Stories – Adam Wolfson 3/7/16

Posted by on Feb 23, 2016 in Assignment 1 | No Comments

Most of the things I know about my family, I know from stories. Not my immediate family, of course. I know what one would typically expect me to know about my parents, given I live with them. For anything further back than a decade or so before I was born, though, stories are the primary medium of exchange. Stories are how people pass along information that they’re not specifically trying to teach.

I don’t know a lot of stories from my mother’s side of the family. I don’t have many surviving relatives on that side, and my mom wasn’t ever that close with her family anyway. The only one that really ever stuck in my head was the way my mother’s father died (my Grandfather I suppose, although I never really thought of him that way). He was a doctor, and he died of pneumonia. Apparently at first he thought it was just a cold, and even when it started to get worse he didn’t have it checked out because, well, he was a doctor himself. By the time his pneumonia finally got bad enough for him to get it checked out, it was bad enough that there wasn’t a lot that could be done.

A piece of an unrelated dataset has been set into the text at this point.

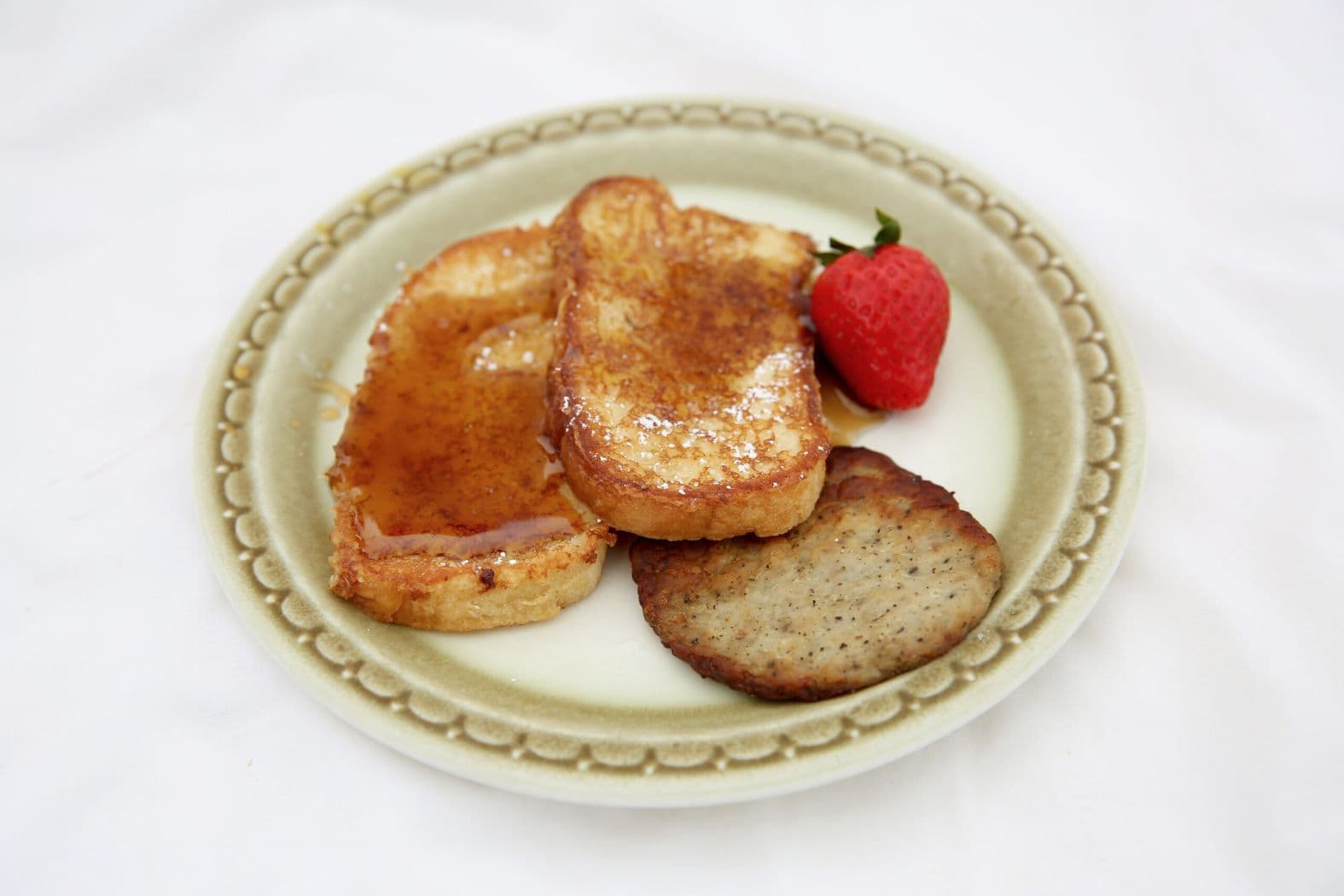 fair-hills-resort-detroit-lakes-minnesota-strawberry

Normally the treatment would have been penicillin, but he was allergic to the stuff and whatever they used instead apparently didn’t work. He died long before I was born, though, so I’m not personally broken up about it.

I know a few more stories from my dad’s side. Many of them involve Harold “Geep” Courlander, my great Grandfather. He fancied himself an inventor, and was apparently a bit of a card. Some of his “inventions” included the electric flyswatter (a flyswatter taped to a power cord) and the alligator hunting kit. The alligator hunting kit consisted of a pair of binoculars, a pair of tweezers, and a box. It “worked” as follows: first, the user was to turn the binoculars around and look through them backwards at the alligators. The alligators having become very small, user was then to use the tweezers to deposit them in the box. Geep was also a writer, and one of the more fraught narratives of my family’s history was the legal battle between him and another author who plagiarized his work.

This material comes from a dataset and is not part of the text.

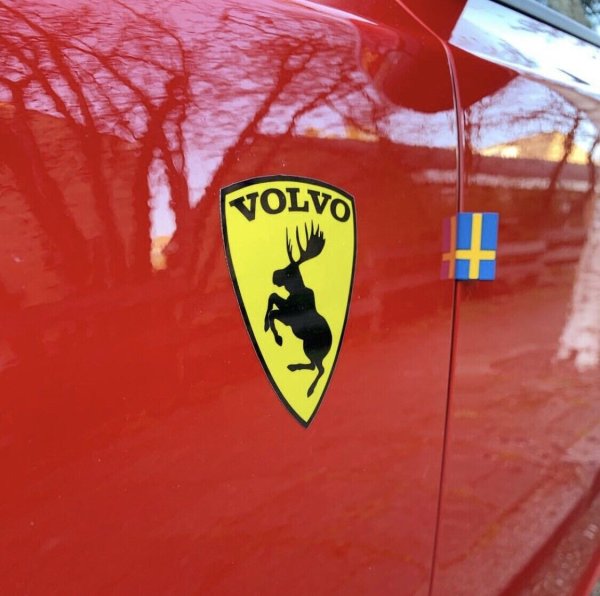 Бейсболка Volvo Prancing Moose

There are other stories. My father’s family spent a few years living in italy when he was a young, although there aren’t a lot of stories from that time. One of my favorite stories, largely because it’s funny, is the one about the cucumber. As a teenager my father was trying to remove a cucumber from its vine. After several unsuccessful attempts, he returned home to ask if there was a trick to it, whether it needed to twisted or bent in a certain way. His response was lactonic: “just pull harder”. This story led to the creation of the family phrase ‘a cucumber problem’, denoting any problem most easily solved by the application of greater force. There is the story of my Grandfather Alan Wolfson (not the same one as the doctor) discovering a key chemical component of decaf instant coffee.  I don’t know a lot of detail about what happened, but it reminds me that my Grandfather was a chemical engineer at one point, which can be hard to remember since he’s had three careers. These stories don’t really comprise a strong ethnic identity the way some people’s do, but I do think that the contribute majorly to what you might call the character of my family.

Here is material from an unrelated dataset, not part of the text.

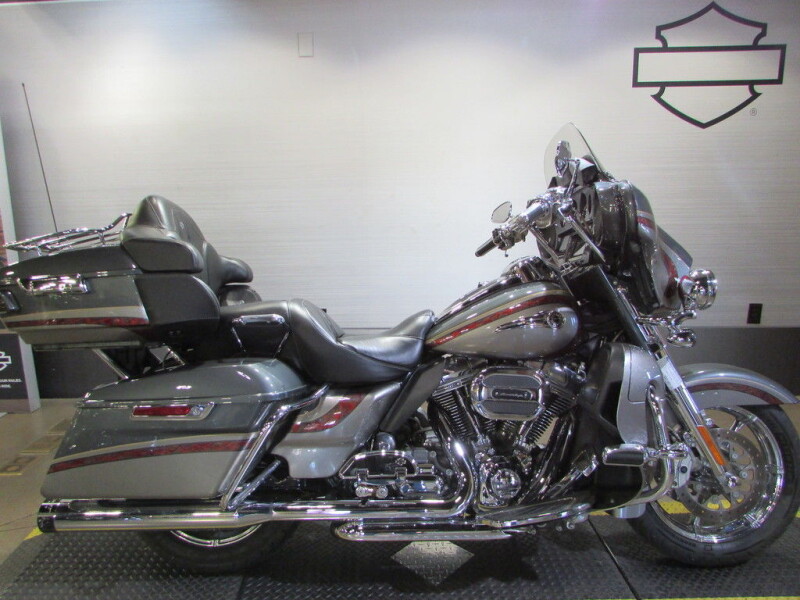 FLHTKSE 2016 CVO™ Limited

Those are just the stories that I’ve heard in the course of by everyday life with my family. For the purposes of this assignment I asked my parents for any stories they knew of could look up from further back, and I got quite a few. Although the Wolfsons specifically only go back a few generations to ellis island (before that they were the Akbars, from Latvia), it turns out that I have ancestors on both sides of my family who have been in America for quite some time. According to a family tree my mother put together a few years ago, one ancestor on her side was here long enough ago to (allegedly) lend Paul Revere his horse for the famous midnight ride.

On my father’s side the most interesting ancestor I now know of was Jacob Courlander, who somehow managed to serve as an officer on both sides of the Civil War at the same time. Apparently he was a peddler who routinely traveled back and forth between the two sides anyway, and he simply alternated between serving in the two armies. He must have been fantastic at maintaining a cover story, especially considering that it’s suspected he had two families complete with wife and children, one on each side. Several generations later there was David Courlander. He, like my Grandfather, apparently had several careers. He became a painter near the end if this life, and several of his paintings are currently kept (although not displayed) at the Smithsonian. My family also has one in our living room. He painted in a style called primitivism, which involves simple or deliberately crude seeming images. This came as a great surprise to me when I found out. I had been looking at that painting nearly every day of my life, and I had always assumed that he just wasn’t a very good painter (not knowing of his success). My mother’s uncle Frank Sanderson invented the fountain pen, although he later sold the patent. Her Grandfather Melton Sanderson nearly invented the hanging file, but his design was to heavy and bulky to be practical.

It’s sad, in a way, that I hadn’t heard some of these stories up until now. The ones I listed first, that I learned just as part of growing up in my family, help inform where I come from. As I said earlier, they give a sort of sense of the character of my family, which certainly has had an effect on my character. The stories from further back, the ones I had to ask for, aren’t quite the same. Intellectually I know I’m related to these people, but they feel like strangers. My family has been reinterpreted and reimagined by what my parents chose to pass down. Such is the power of stories.